**Data in this exercise**:
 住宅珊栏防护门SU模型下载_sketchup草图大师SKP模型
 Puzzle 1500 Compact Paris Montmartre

...

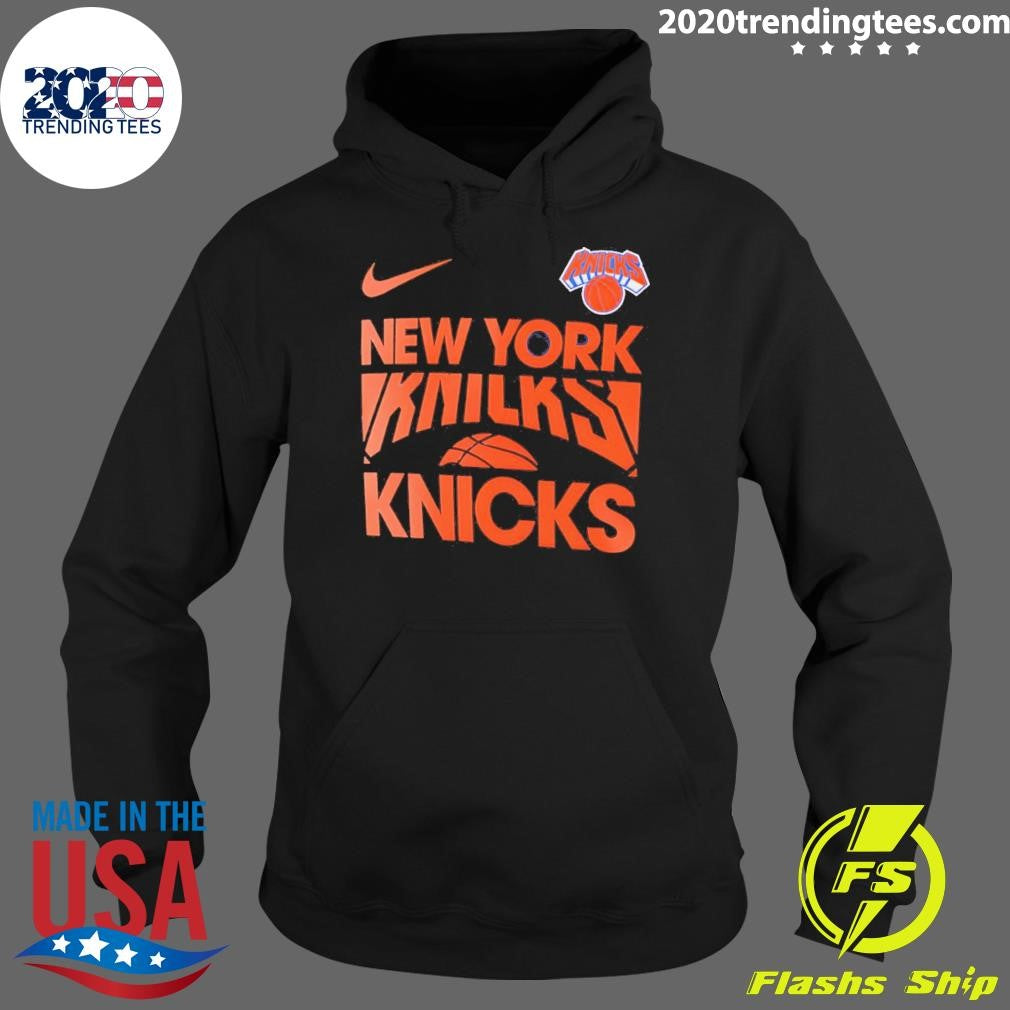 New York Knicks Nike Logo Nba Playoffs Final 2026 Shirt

==

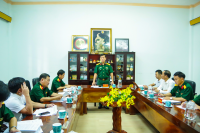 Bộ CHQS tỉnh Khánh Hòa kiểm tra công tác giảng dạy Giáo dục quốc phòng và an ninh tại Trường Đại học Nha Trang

**Task**: All that is wanted is the stretch of lines above from the one containing "住宅珊栏防护门SU模型下载_sketchup草图大师SKP模型" through the one containing "Puzzle 1500 Compact Paris Montmartre", duplicated exactly.

**Result for this task**:
 住宅珊栏防护门SU模型下载_sketchup草图大师SKP模型
 Puzzle 1500 Compact Paris Montmartre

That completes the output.